ACTIVITY => Return the listing exactly, please; no pictures.

--- SUPPLIED MATERIAL Enclosed Below ---

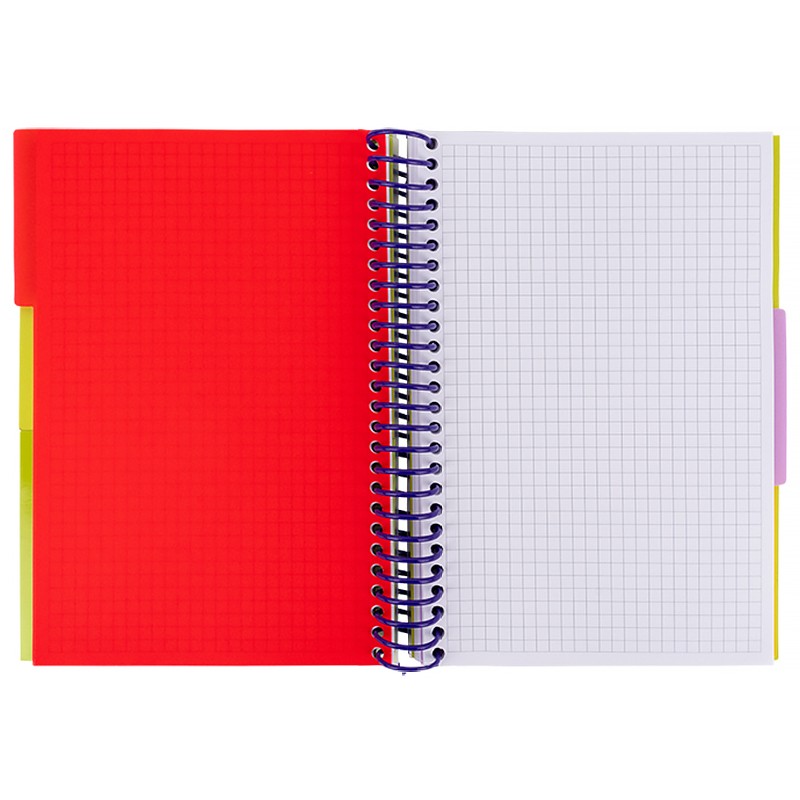 Блокнот з розділювачами Axent 8405-11-A, А5, 120 аркушів, клітинка, салатовий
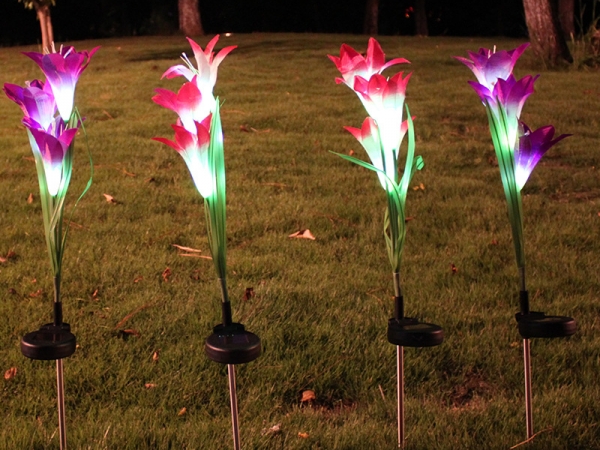 Landscap Solar Power Flower LED Solar Tulip Light Lamp (LUL-023)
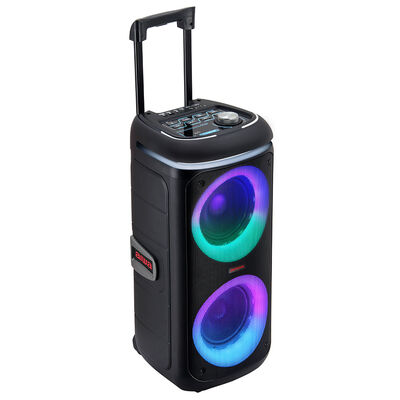 Aiwa KBTUS-480 hordozható Bluetooth party hangszóró – HyperBass, 100W, akár 8 óra lejátszás, látványos fények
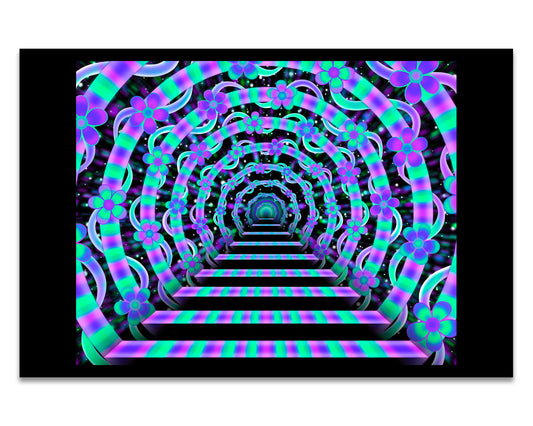 Blooming Tunnel - Mini 4×6 Art Print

--- End of Enclosed SUPPLIED MATERIAL ---

EXERCISE SOLUTION =>
 Блокнот з розділювачами Axent 8405-11-A, А5, 120 аркушів, клітинка, салатовий
 Landscap Solar Power Flower LED Solar Tulip Light Lamp (LUL-023)
 Aiwa KBTUS-480 hordozható Bluetooth party hangszóró – HyperBass, 100W, akár 8 óra lejátszás, látványos fények
 Blooming Tunnel - Mini 4×6 Art Print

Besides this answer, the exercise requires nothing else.